Thursday, July 09, 2015
The Girl On The Train
The story has three female narrators, Rachel, Megan and Anna, whose lives intersect under tragic circumstances.
Rachel is 'the girl on the train'. She is an overweight, heartbreakingly lonely alcoholic whose marriage has ended; she has been dismissed from her job for drinking. She rides the train from the suburbs into London each day, maintaining the charade that she still has a job to go to. The train passes by her old neighbourhood and her matrimonial home where her ex-husband lives with his new wife and their baby. Rather than focusing on her own lost life she stares at a neighbouring house inhabited by a young couple. She fabricates identities for them - Jess and Jason - and imagines their perfect life.
'Jess' is actually Megan who disappears from her seemingly happy home. Rachel, feeling she knows the couple (although she doesn't) insinuates herself into the subsequent police investigation and the life of Megan's husband, Scott. Doing so raises the ire of her ex and his wife who do not wish to see her weaving drunkenly around their neighbourhood.
Anna is the wife of Tom, the ex-husband who Rachel still loves. Anna is sick and tired of Rachel's inebriated phone calls to their home and fears that she may be disturbed enough to harm their baby girl.

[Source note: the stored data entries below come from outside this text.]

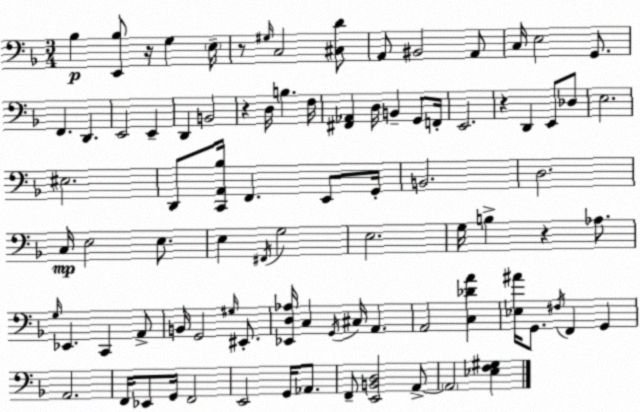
X:1
T:Untitled
M:3/4
L:1/4
K:F
_B, [E,,_B,]/2 z/4 G, E,/4 z/2 ^G,/4 C,2 [^C,D]/2 A,,/2 ^B,,2 A,,/2 C,/4 E,2 G,,/2 F,, D,, E,,2 E,, D,, B,,2 z D,/4 B, F,/4 [^F,,_A,,] D,/4 B,, G,,/2 F,,/4 E,,2 z D,, E,,/2 _D,/2 E,2 ^E,2 D,,/2 [C,,A,,_B,]/4 F,, E,,/2 G,,/4 B,,2 D,2 C,/4 E,2 E,/2 E, ^F,,/4 G,2 E,2 G,/4 B, z _A,/2 G,/4 _E,, C,, A,,/2 B,,/4 G,,2 ^G,/4 ^E,,/2 [_E,,D,_A,]/4 C, G,,/4 ^C,/4 A,, A,,2 [C,_DA] [_E,^A]/4 G,,/2 ^F,/4 F,, G,, A,,2 F,,/4 _E,,/2 G,,/4 F,,2 E,,2 G,,/4 _A,,/2 F,,/2 [E,,B,,D,]2 A,,/2 A,,2 [_E,F,^G,]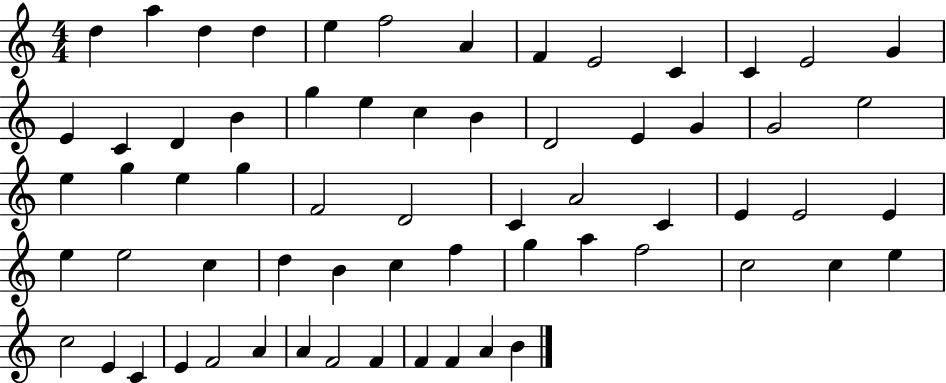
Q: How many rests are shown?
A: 0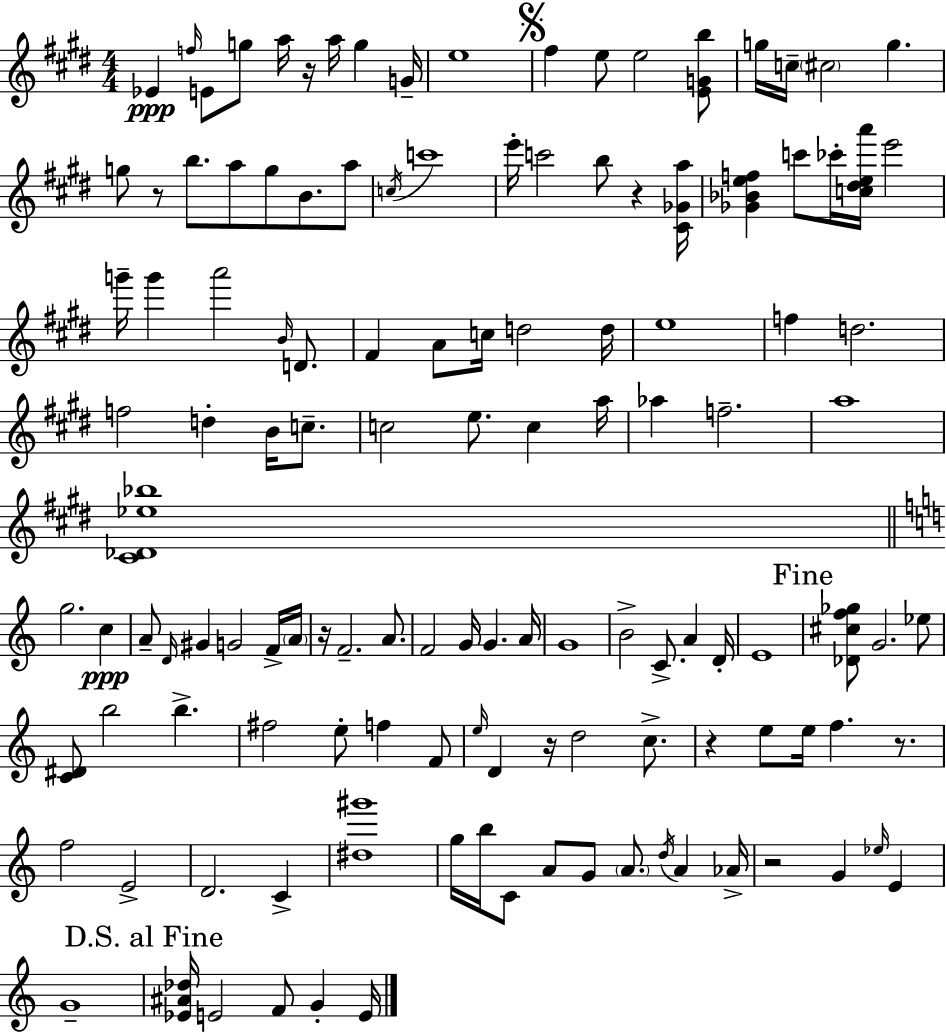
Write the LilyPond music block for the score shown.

{
  \clef treble
  \numericTimeSignature
  \time 4/4
  \key e \major
  ees'4\ppp \grace { f''16 } e'8 g''8 a''16 r16 a''16 g''4 | g'16-- e''1 | \mark \markup { \musicglyph "scripts.segno" } fis''4 e''8 e''2 <e' g' b''>8 | g''16 c''16-- \parenthesize cis''2 g''4. | \break g''8 r8 b''8. a''8 g''8 b'8. a''8 | \acciaccatura { c''16 } c'''1 | e'''16-. c'''2 b''8 r4 | <cis' ges' a''>16 <ges' bes' e'' f''>4 c'''8 ces'''16-. <c'' dis'' e'' a'''>16 e'''2 | \break g'''16-- g'''4 a'''2 \grace { b'16 } | d'8. fis'4 a'8 c''16 d''2 | d''16 e''1 | f''4 d''2. | \break f''2 d''4-. b'16 | c''8.-- c''2 e''8. c''4 | a''16 aes''4 f''2.-- | a''1 | \break <cis' des' ees'' bes''>1 | \bar "||" \break \key a \minor g''2. c''4\ppp | a'8-- \grace { d'16 } gis'4 g'2 f'16-> | \parenthesize a'16 r16 f'2.-- a'8. | f'2 g'16 g'4. | \break a'16 g'1 | b'2-> c'8.-> a'4 | d'16-. e'1 | \mark "Fine" <des' cis'' f'' ges''>8 g'2. ees''8 | \break <c' dis'>8 b''2 b''4.-> | fis''2 e''8-. f''4 f'8 | \grace { e''16 } d'4 r16 d''2 c''8.-> | r4 e''8 e''16 f''4. r8. | \break f''2 e'2-> | d'2. c'4-> | <dis'' gis'''>1 | g''16 b''16 c'8 a'8 g'8 \parenthesize a'8. \acciaccatura { d''16 } a'4 | \break aes'16-> r2 g'4 \grace { ees''16 } | e'4 g'1-- | \mark "D.S. al Fine" <ees' ais' des''>16 e'2 f'8 g'4-. | e'16 \bar "|."
}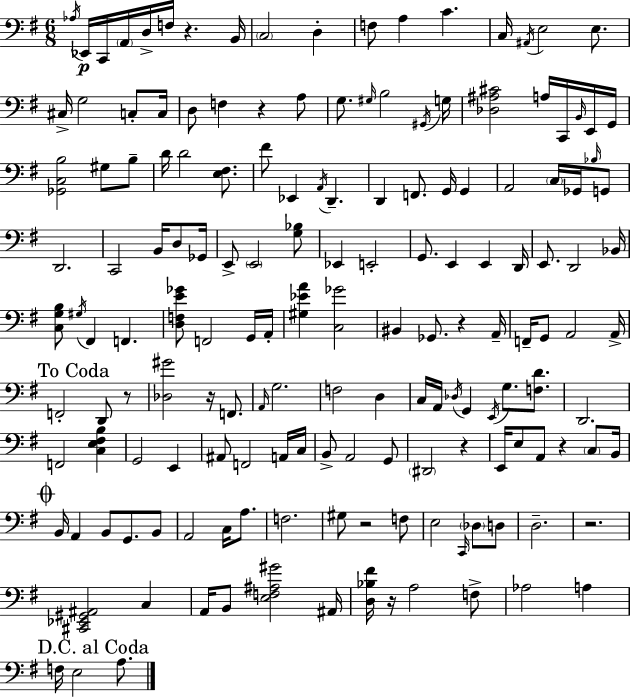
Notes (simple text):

Ab3/s Eb2/s C2/s A2/s D3/s F3/s R/q. B2/s C3/h D3/q F3/e A3/q C4/q. C3/s A#2/s E3/h E3/e. C#3/s G3/h C3/e C3/s D3/e F3/q R/q A3/e G3/e. G#3/s B3/h G#2/s G3/s [Db3,A#3,C#4]/h A3/s C2/s B2/s E2/s G2/s [Gb2,C3,B3]/h G#3/e B3/e D4/s D4/h [E3,F#3]/e. F#4/e Eb2/q A2/s D2/q. D2/q F2/e. G2/s G2/q A2/h C3/s Gb2/s Bb3/s G2/e D2/h. C2/h B2/s D3/e Gb2/s E2/e E2/h [G3,Bb3]/e Eb2/q E2/h G2/e. E2/q E2/q D2/s E2/e. D2/h Bb2/s [C3,G3,B3]/e G#3/s F#2/q F2/q. [D3,F3,E4,Gb4]/e F2/h G2/s A2/s [G#3,Eb4,A4]/q [C3,Gb4]/h BIS2/q Gb2/e. R/q A2/s F2/s G2/e A2/h A2/s F2/h D2/e R/e [Db3,G#4]/h R/s F2/e. A2/s G3/h. F3/h D3/q C3/s A2/s Db3/s G2/q E2/s G3/e. [F3,D4]/e. D2/h. F2/h [C3,E3,F#3,B3]/q G2/h E2/q A#2/e F2/h A2/s C3/s B2/e A2/h G2/e D#2/h R/q E2/s E3/e A2/e R/q C3/e B2/s B2/s A2/q B2/e G2/e. B2/e A2/h C3/s A3/e. F3/h. G#3/e R/h F3/e E3/h C2/s Db3/e D3/e D3/h. R/h. [C#2,Eb2,G#2,A#2]/h C3/q A2/s B2/e [E3,F3,A#3,G#4]/h A#2/s [D3,Bb3,F#4]/s R/s A3/h F3/e Ab3/h A3/q F3/s E3/h A3/e.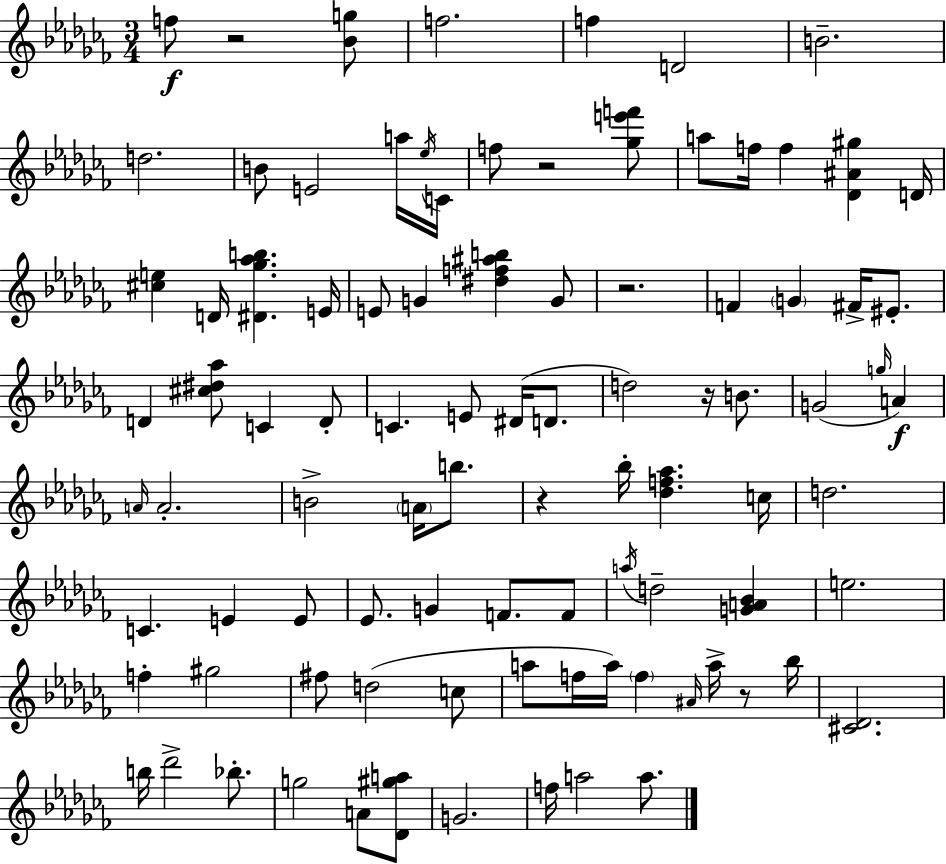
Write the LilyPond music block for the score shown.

{
  \clef treble
  \numericTimeSignature
  \time 3/4
  \key aes \minor
  f''8\f r2 <bes' g''>8 | f''2. | f''4 d'2 | b'2.-- | \break d''2. | b'8 e'2 a''16 \acciaccatura { ees''16 } | c'16 f''8 r2 <ges'' e''' f'''>8 | a''8 f''16 f''4 <des' ais' gis''>4 | \break d'16 <cis'' e''>4 d'16 <dis' ges'' aes'' b''>4. | e'16 e'8 g'4 <dis'' f'' ais'' b''>4 g'8 | r2. | f'4 \parenthesize g'4 fis'16-> eis'8.-. | \break d'4 <cis'' dis'' aes''>8 c'4 d'8-. | c'4. e'8 dis'16( d'8. | d''2) r16 b'8. | g'2( \grace { g''16 }\f a'4) | \break \grace { a'16 } a'2.-. | b'2-> \parenthesize a'16 | b''8. r4 bes''16-. <des'' f'' aes''>4. | c''16 d''2. | \break c'4. e'4 | e'8 ees'8. g'4 f'8. | f'8 \acciaccatura { a''16 } d''2-- | <g' a' bes'>4 e''2. | \break f''4-. gis''2 | fis''8 d''2( | c''8 a''8 f''16 a''16) \parenthesize f''4 | \grace { ais'16 } a''16-> r8 bes''16 <cis' des'>2. | \break b''16 des'''2-> | bes''8.-. g''2 | a'8 <des' gis'' a''>8 g'2. | f''16 a''2 | \break a''8. \bar "|."
}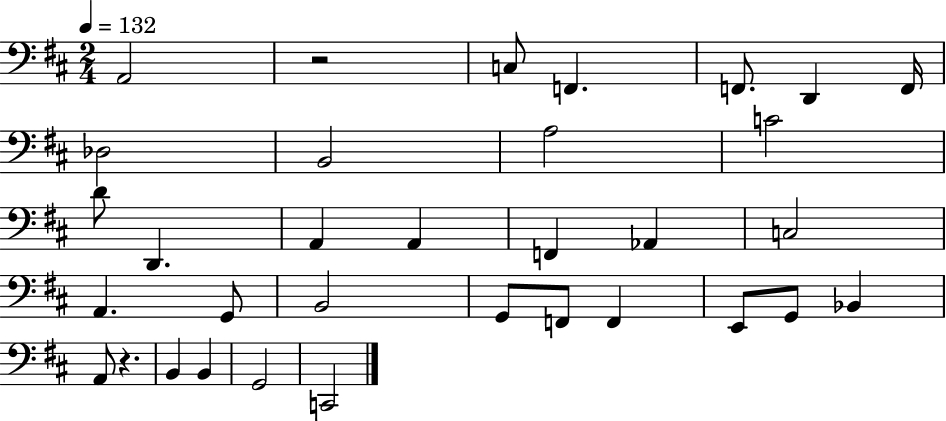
{
  \clef bass
  \numericTimeSignature
  \time 2/4
  \key d \major
  \tempo 4 = 132
  a,2 | r2 | c8 f,4. | f,8. d,4 f,16 | \break des2 | b,2 | a2 | c'2 | \break d'8 d,4. | a,4 a,4 | f,4 aes,4 | c2 | \break a,4. g,8 | b,2 | g,8 f,8 f,4 | e,8 g,8 bes,4 | \break a,8 r4. | b,4 b,4 | g,2 | c,2 | \break \bar "|."
}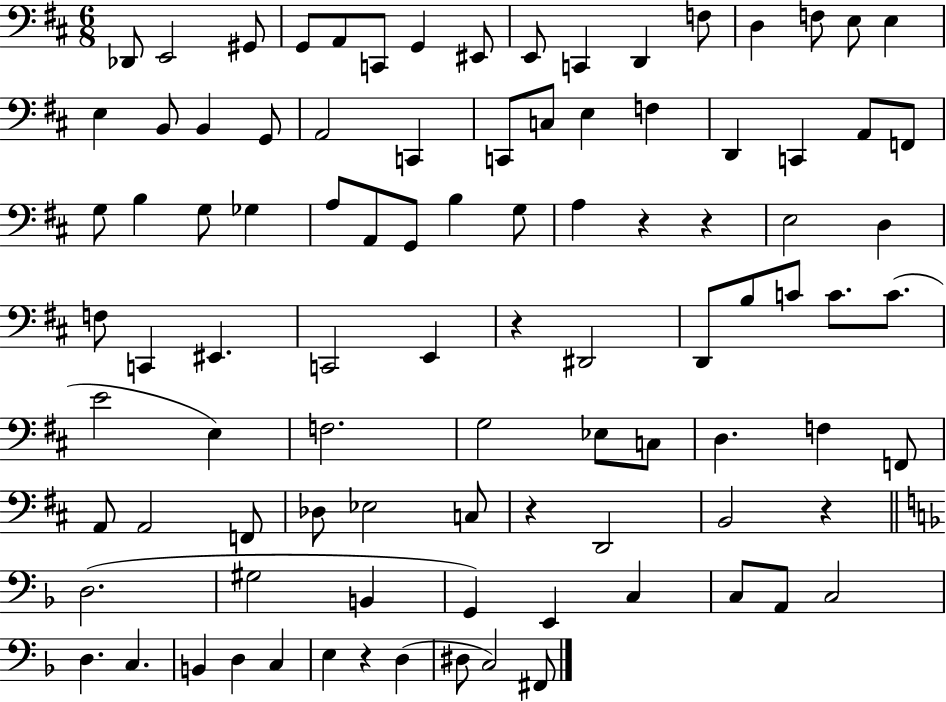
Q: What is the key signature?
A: D major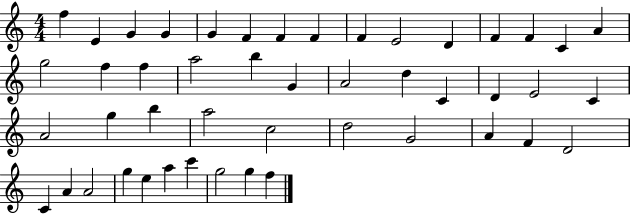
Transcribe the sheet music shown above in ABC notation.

X:1
T:Untitled
M:4/4
L:1/4
K:C
f E G G G F F F F E2 D F F C A g2 f f a2 b G A2 d C D E2 C A2 g b a2 c2 d2 G2 A F D2 C A A2 g e a c' g2 g f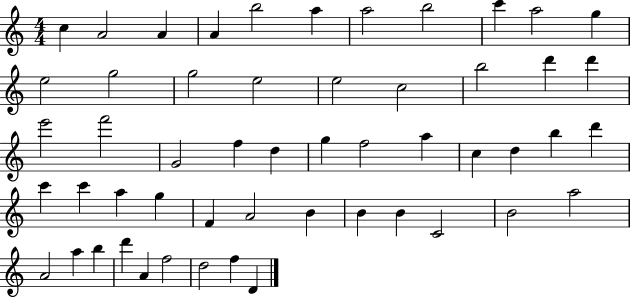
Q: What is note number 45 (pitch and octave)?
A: A4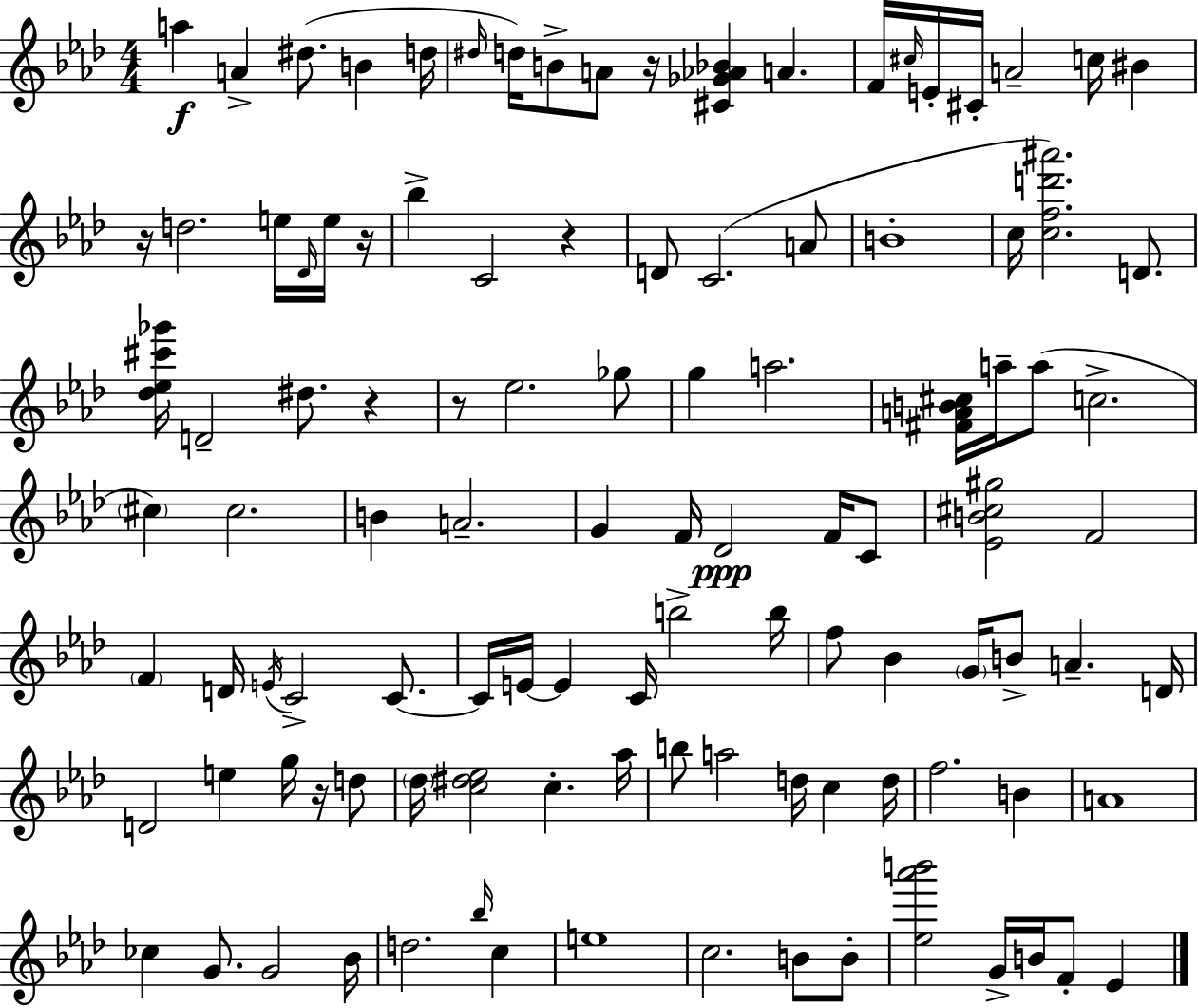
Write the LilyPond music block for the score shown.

{
  \clef treble
  \numericTimeSignature
  \time 4/4
  \key f \minor
  a''4\f a'4-> dis''8.( b'4 d''16 | \grace { dis''16 } d''16) b'8-> a'8 r16 <cis' ges' aes' bes'>4 a'4. | f'16 \grace { cis''16 } e'16-. cis'16-. a'2-- c''16 bis'4 | r16 d''2. e''16 | \break \grace { des'16 } e''16 r16 bes''4-> c'2 r4 | d'8 c'2.( | a'8 b'1-. | c''16 <c'' f'' d''' ais'''>2.) | \break d'8. <des'' ees'' cis''' ges'''>16 d'2-- dis''8. r4 | r8 ees''2. | ges''8 g''4 a''2. | <fis' a' b' cis''>16 a''16-- a''8( c''2.-> | \break \parenthesize cis''4) cis''2. | b'4 a'2.-- | g'4 f'16 des'2\ppp | f'16 c'8 <ees' b' cis'' gis''>2 f'2 | \break \parenthesize f'4 d'16 \acciaccatura { e'16 } c'2-> | c'8.~~ c'16 e'16~~ e'4 c'16 b''2-> | b''16 f''8 bes'4 \parenthesize g'16 b'8-> a'4.-- | d'16 d'2 e''4 | \break g''16 r16 d''8 \parenthesize des''16 <c'' dis'' ees''>2 c''4.-. | aes''16 b''8 a''2 d''16 c''4 | d''16 f''2. | b'4 a'1 | \break ces''4 g'8. g'2 | bes'16 d''2. | \grace { bes''16 } c''4 e''1 | c''2. | \break b'8 b'8-. <ees'' aes''' b'''>2 g'16-> b'16 f'8-. | ees'4 \bar "|."
}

Each and every character in this story is flawed and unlikeable and I figured out whodunit about half way through but that didn't interfere with my enjoyment at all because the story is so well-executed. The book is enormously popular and has been compared to Gillian Flynn's Gone Girl but I thought The Girl On The Train was more plausible because it didn't involve a complicated coverup.